Wissen und Wissenschaft

 

Georg Forster (1754 - 1794):

Unsere Sprachen sind verschieden; - müssen es darum auch unsere Begriffe sein?



Alexander von Humboldt (1769 - 1859):

Überall geht ein frühes Ahnen dem späten Wissen voraus.

Wissenschaft fängt erst an, wo der Geist sich des Stoffes bemächtigt, wo versucht wird, die Masse der Erfahrung einer Vernunfterkenntnis zu unterwerfen.



Albert Einstein (1879 - 1955):

Durch bloßes logisches Denken vermögen wir keinerlei Wissen über die Erfahrungswelt zu erlangen; alles Wissen über die Wirklichkeit geht von der Erfahrung aus und mündet in ihr.

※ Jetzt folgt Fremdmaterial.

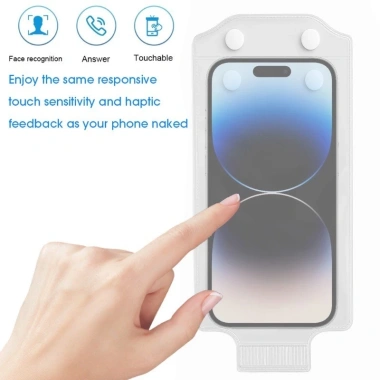 Vỏ điện thoại trong suốt chống nước, túi đựng chạm màn hình, bảo vệ mưa 22.999₫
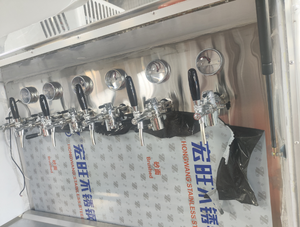 Tricycle électrique <span class=keywords><strong>de</strong></span> <span class=keywords><strong>1</strong></span>.8 mètres <span class=keywords><strong>de</strong></span> long avec boîte à bière réfrigérée Pedicab électrique à 3 roues - Product Image 3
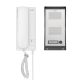 Set videointerfon Home DP 22, unitate exterioară din aluminiu, montaj pe perete, conexiune cu două fire, deschidere ușă, IP23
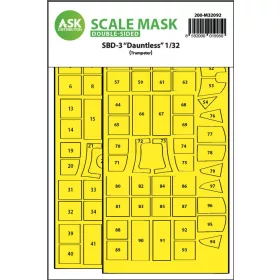   Art Scale Kit SBD-3 Dauntless double-sided express fit mask for Trumpeter - pontos illeszkedésű kétoldalas kabinmaszk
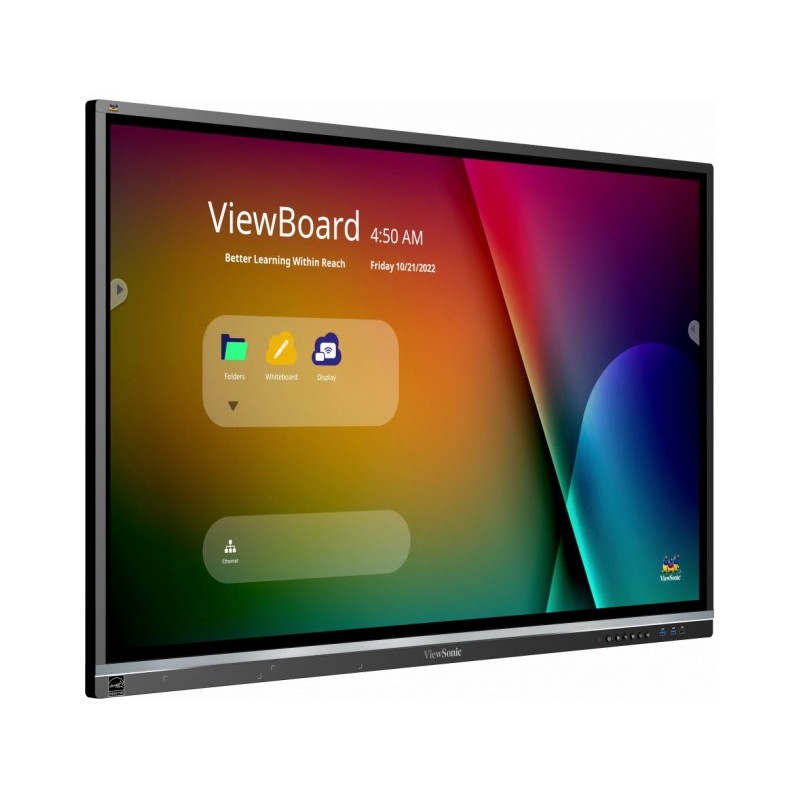 Buy ViewSonic IFP5550-5 - 55-inch 4K Interactive LCD, Android 11, 3GB RAM/32GB, ... in Cyprus, Nicosia, Limassol, Larnaka, Pafos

Die Verknüpfung der elementaren Begriffe des Alltagsdenkens mit Komplexen von Sinnen-Erlebnissen ist nur intuitiv erfassbar und wissenschaftlicher (logischer) Fixierung unzugänglich. [AEA, 122-858, S. 3, Physik und Realität, 1935]
Andererseits aber haben jene Begriffe und Relationen, insbesondere die Setzungen realer Objekte, überhaupt einer 'realen Welt', nur insoweit Berechtigung, als sie mit Sinneserlebnissen verknüpft sind, zwischen welchen sie gedankliche Verknüpfungen schaffen. [AEA, 122-858, S. 2, Physik und Realität, 1935]

Vorstellungskraft ist wichtiger als Wissen.

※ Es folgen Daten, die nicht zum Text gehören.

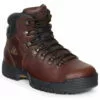 Rocky Boots Rocky Mens Brown Leather Mobilite Waterproof Work Hiking Boots -Boots Sales Shop 7114 square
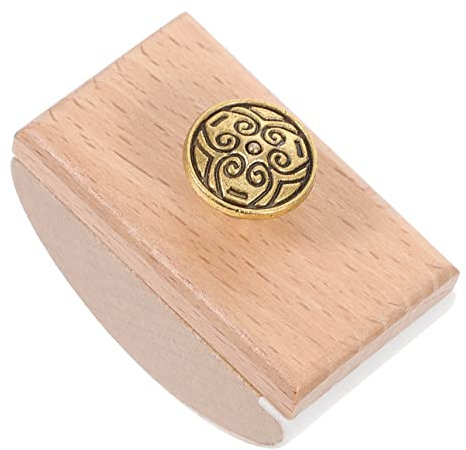 WOFASHPURET Tintenabsorber Tintenlöscher Löschwippe Mit Tinte Vorgeschnittenes Löschpapier Tintenlöschpad Schreibunterlage Tintensaugende Werkzeuge Lederwerkzeug Fleck Hölzern Student Tischset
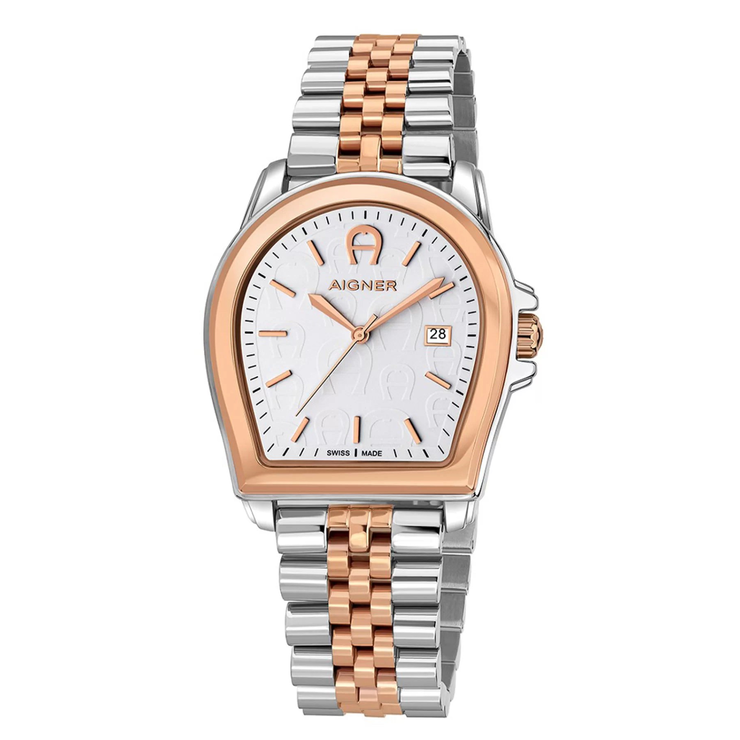 Aigner Watch Verona for men Rose gold, Silver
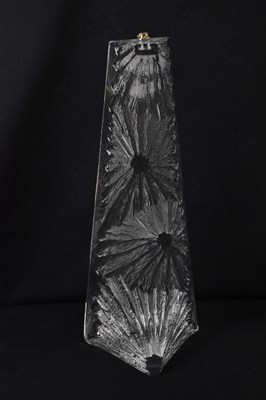 Lot 67 - DAUM FRANCE; an art glass lamp base, height 40cm.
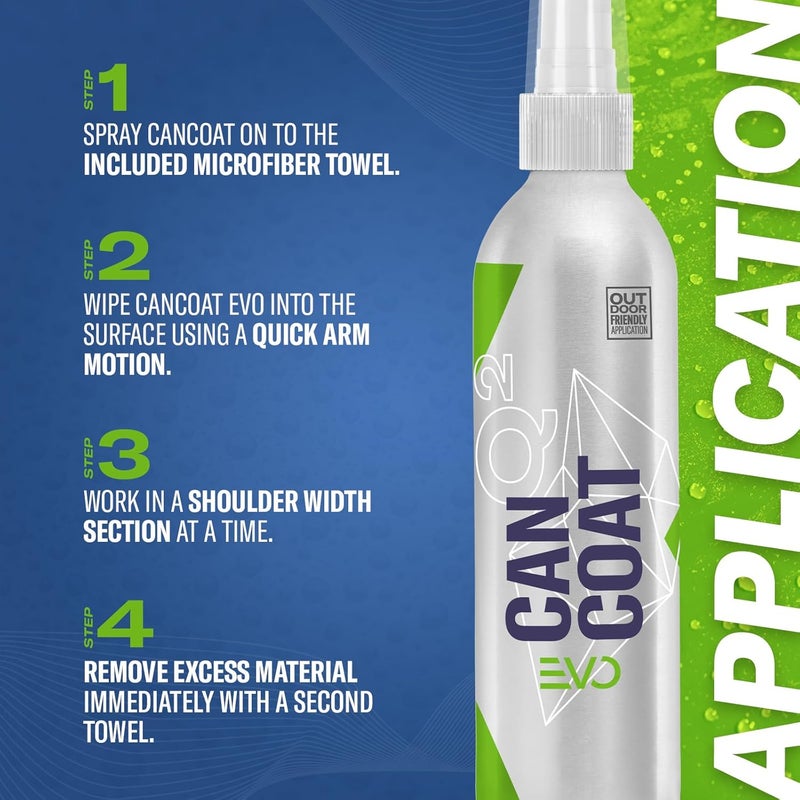 Gyeon CanCoat EVO Spray Ceramic Coating DIY grade water beading gloss protection multi-surface auto detail trim wheels glass vinyl safe application easy use interior exterior sealant layer - Image 5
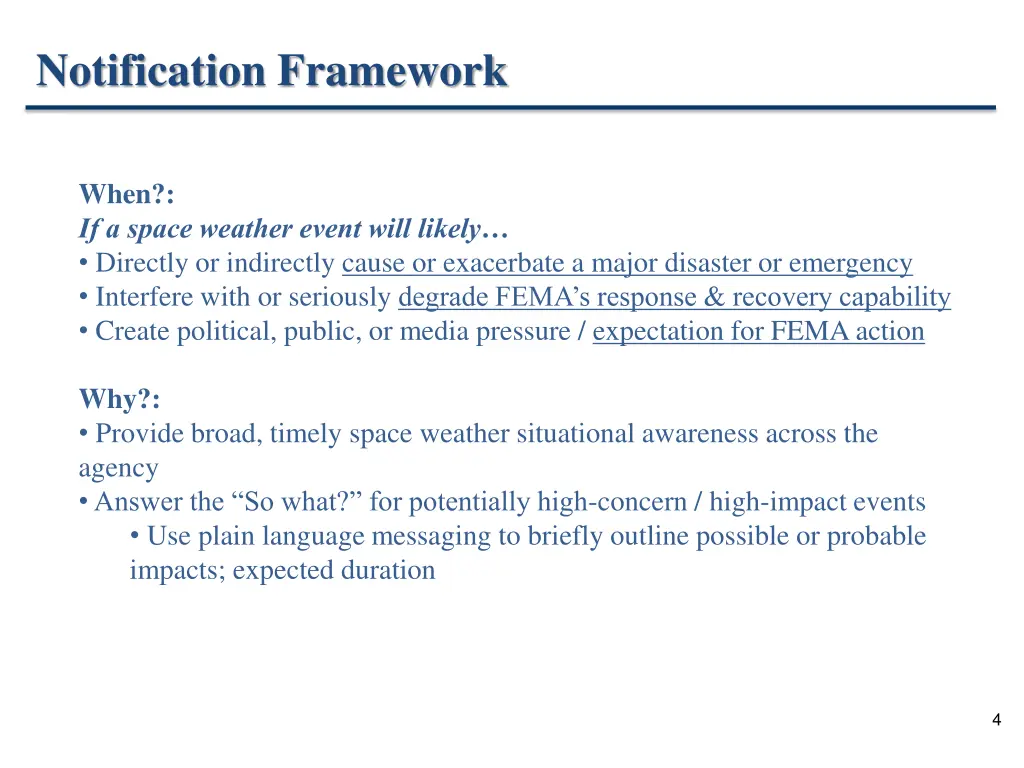 notification framework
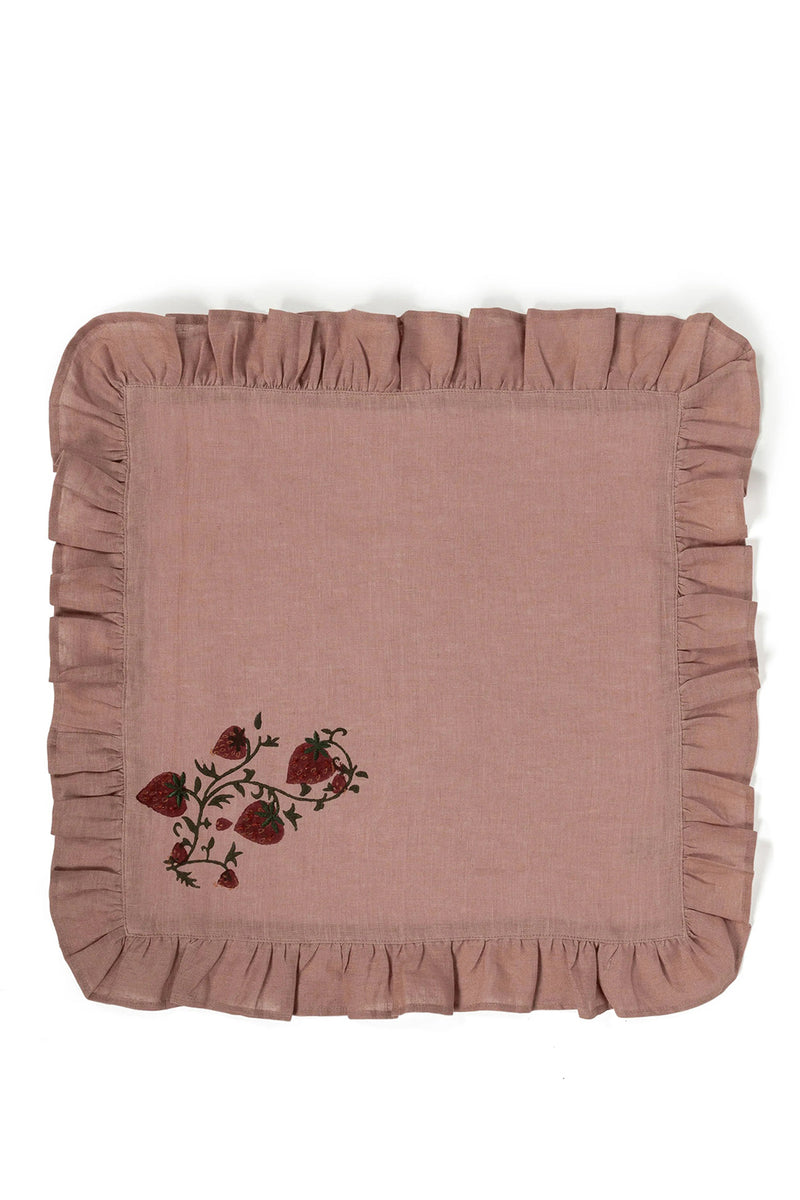 FRAISES DES BOIS NAPKINS (SET OF 4)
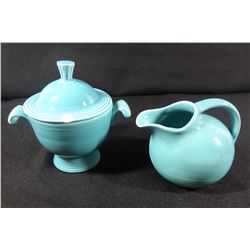 Fiesta Sugar Bowl & Creamer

Phantasie ist wichtiger als Wissen, denn Wissen ist begrenzt.

Das schönste Erlebnis ist die Begegnung mit dem Geheimnisvollen.
Sie ist der Ursprung jeder wahren Kunst und Wissenschaft.

Wer nie diese Erfahrung gemacht hat, wer keiner Begeisterung fähig ist und nicht starr vor Staunen dastehen kann, ist so gut wie tot: seine Augen sind geschlossen.


Siehe auch  » Albert Einsteins Weisheiten und Ansichten - Eine Zitate-Anthologie



Anais Nin (1903 - 1977):

Der Besitz von Wissen tötet nicht das Gespür für Wunder und Geheimnis. Er schafft noch mehr Geheimnisse.



Blaise Pascal (1623 - 1662):

Alles, was unbegreiflich ist, lässt nicht ab zu sein.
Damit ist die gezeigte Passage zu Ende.